Negro, vindo de família pobre, conseguiu se tornar um ator bem-sucedido. O percurso do combatente, porém, não foi curto. Ele examina os infinitos percursos do preconceito. Passa por elementos conhecidos, mas que persistem. Um exemplo: “O índice de negros na publicidade é muito pequeno. Se nós fôssemos refletir a realidade, como a população negra representa aproximadamente 54% da população total, na publicidade deveríamos ter então pelo menos 50% de negros. Eles não chegam a 15%”. Lázaro e sua mulher Taís Araújo fazem propaganda em horário nobre. O que isso significa? Que falar em preconceito é mimimi? Que quem luta vence?

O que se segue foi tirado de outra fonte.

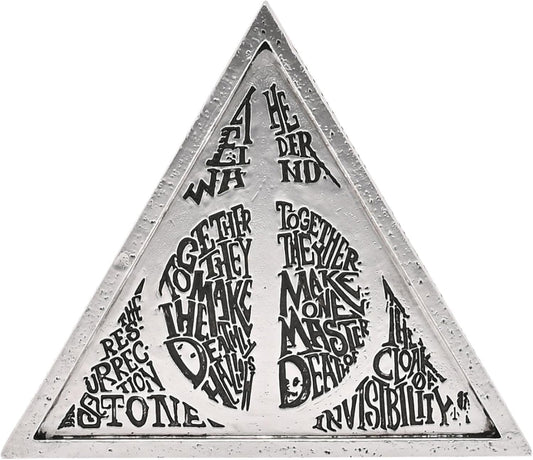Triangular metal sign with engraved text on a white background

Não. A maioria luta muito e não vence. A exclusão é estrutural. Entre as tentas histórias e referência citadas no livro uma, baseada numa declaração da escritora Conceição Evaristo, é marcante: “Devemos fazer uma leitura de que somos exceção. Quando nos prendemos muito a esse elogia da história pessoal (‘ela veio da favela e conseguiu’). Corremos o risco de dizer que o outro não conseguiu porque não quis, e isso não é verdade. A exceção simplesmente confirma a regra”. A prova disso é que nas novelas de televisão negros continuam fazendo majoritariamente papéis subalternos. O cinismo diz que é por realismo.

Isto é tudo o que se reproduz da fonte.